# Wayward Pines



## The Bluestocking (Jun 19, 2015)

Anyone else watching this series which seems like a cross between Twin Peaks and The X-Files.

It's halfway through the 10 episodes now and I'm pretty hooked.

Matt Dillon is back on form and so is M. Night Shyamalan who hasn't put out anything good since his first three movies.


----------



## willwallace (Jun 19, 2015)

I've been watching and enjoying the show so far.  It seems to have a lot of different elements that are starting to come together, finally. Good description,  Twin Peaks meets X-Files


----------



## alchemist (Jun 19, 2015)

Enjoying it here also. Despite the "explanation", many things still don't make sense, so I'm expecting more revelations.


----------



## hardsciencefanagain (Jun 19, 2015)

Hey,there's a thread called Unruly Trees


----------



## Warren_Paul (Jun 20, 2015)

I like it. It's got some real vibes of The Village coming through, which I still like the best out of all M. Night Shyamalan's works.


----------



## ratsy (Jun 20, 2015)

I read the first book on a plane ride this year, and really liked it. They moved away from it quite a bit for the show, and I think that because I read it, I didn't think it was as good as it could have been. I think that the show is actually covering all three books in the 10 episodes which is good because most things spread it so thin (Under the Dome) I do like Matt Dillon but find some of the acting by others a little poorly done. It's hard when I've been feasting on Mad Men and Breaking Bad to go to a Fox show and expect the same level of quality.


----------



## BAYLOR (Jun 21, 2015)

willwallace said:


> I've been watching and enjoying the show so far.  It seems to have a lot of different elements that are starting to come together, finally. Good description,  Twin Peaks meets X-Files




The Prisoner too.


----------



## willwallace (Jun 21, 2015)

BAYLOR said:


> The Prisoner too.


Oh man,  The Prisoner is one of my all time favorite shows. Patrick McGoohan was excellent, I loved that show when I was a kid and still do today.


----------



## Warren_Paul (Jul 24, 2015)

Watched the season finale today. Not entirely sure how to feel about it afterwards. Far too rushed, characters jumping to conclusions and making decisions that are completely implausible based on what was happening, purely for the sake of wrapping up the entire story in only 10 episodes. It really needed to be a 20 episode show and make the plot more developed and believable.



Spoiler



We pretty much have a complete reset of any plot development, things almost literally back to where they started. Not really an adequate ending for a show that is only supposed to have one season. Although it does have that classic doomed sort of ending that many horror movies feature, like nothing they do will ever change their inevitable fate. If making that kind of statement is what they were after then I guess they achieved it.


----------



## The Bluestocking (Jul 29, 2015)

Just finished the season fiinale.

They should have given it 13 episodes if they wanted to make it a mini series (13 is probably the maximum number of episodes for a mini series).

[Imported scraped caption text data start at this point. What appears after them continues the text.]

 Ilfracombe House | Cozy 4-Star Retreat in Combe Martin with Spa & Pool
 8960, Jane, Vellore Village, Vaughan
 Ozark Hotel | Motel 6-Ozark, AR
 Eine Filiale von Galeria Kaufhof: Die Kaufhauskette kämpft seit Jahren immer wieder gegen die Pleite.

The twist at the end is pure M. Night Shyamalan though.


----------



## Droflet (Jul 29, 2015)

Yeah, I agree. Far too rushed. Pity, it could have been ...


----------



## Gnrevolution (Jul 30, 2015)

The Bluestocking said:


> The twist at the end is pure M. Night Shyamalan though.

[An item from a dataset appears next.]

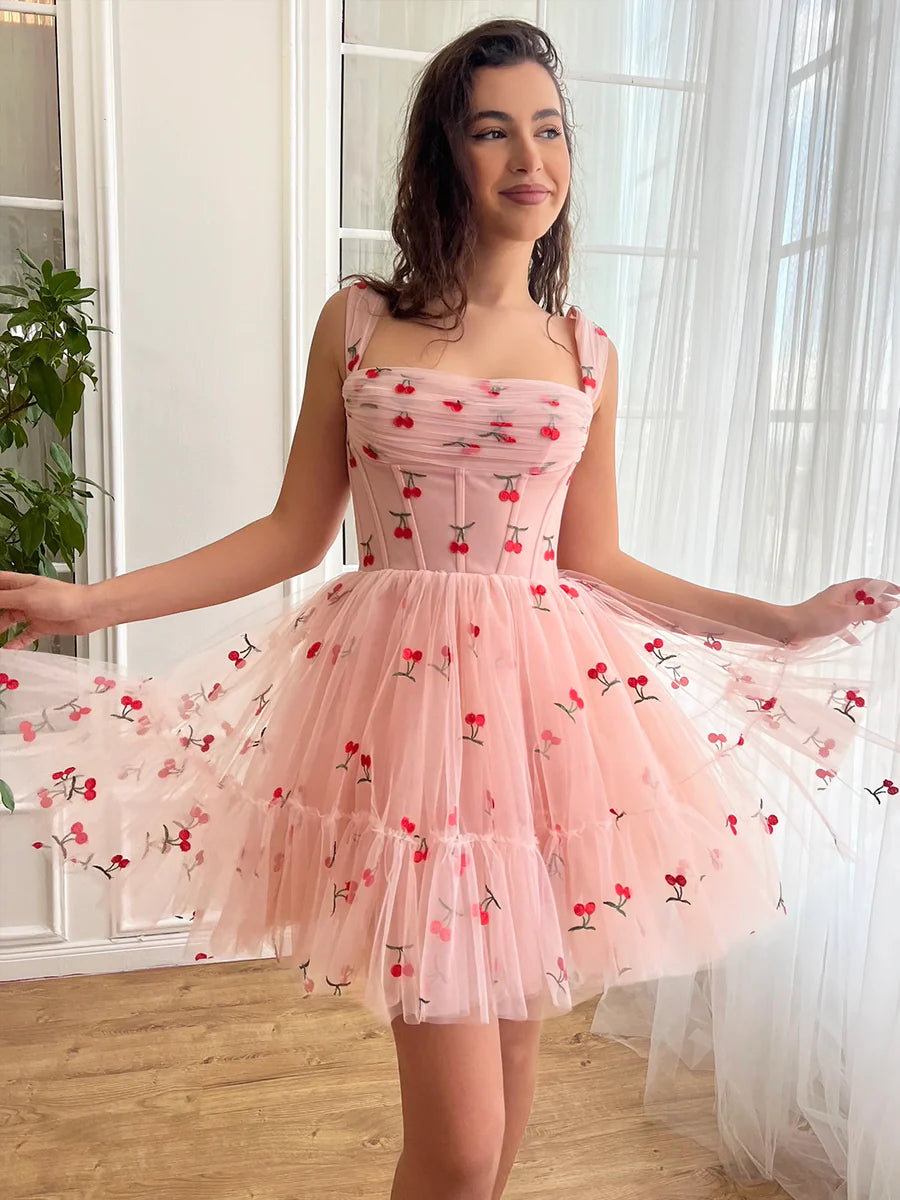 Robe de bal mini en tulle cerise mignonne, robe de soirée trapèze rose à lacets nv1633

Not sure I'd call it a twist, as usual it seemed to be just tacked on at the end for no particular reason.  There was no revelation or smart thinking about it, it just happened...


----------



## Droflet (Jul 30, 2015)

Gnrevolution said:


> Not sure I'd call it a twist, as usual it seemed to be just tacked on at the end for no particular reason.  There was no revelation or smart thinking about it, it just happened...



Yeah, what he said.


----------



## ratsy (Aug 11, 2015)

I watched the finale. I wouldn't say that it was pure Shymalan since it was written by Blake Crouch, and although I haven't read books 2-3 Im sure it was his ending. It was okay...the series was full of plot holes, bad acting, and everything in between, but I was mostly entertained I suppose so what more can I ask for?  Once again it proves that Books are far superior to television though!


----------



## galanx (Jan 21, 2016)

Gnrevolution said:


> Not sure I'd call it a twist, as usual it seemed to be just tacked on at the end for no particular reason.  There was no revelation or smart thinking about it, it just happened...



Apparently they were hoping to get it renewed for another season but didn't have the budget for an Aberration/survivors clash, (likeTWD S2) so just tacked the ending on so they could use the same sets- but they didn't get the call anyway.


----------



## Droflet (Jan 21, 2016)

Yep, that's what the ending felt like to me. Tacked on.


----------



## REBerg (May 21, 2016)

Season 2 launches Wednesday, May 25


----------



## Droflet (May 21, 2016)

Oh, that night? I'm washing my hair.


----------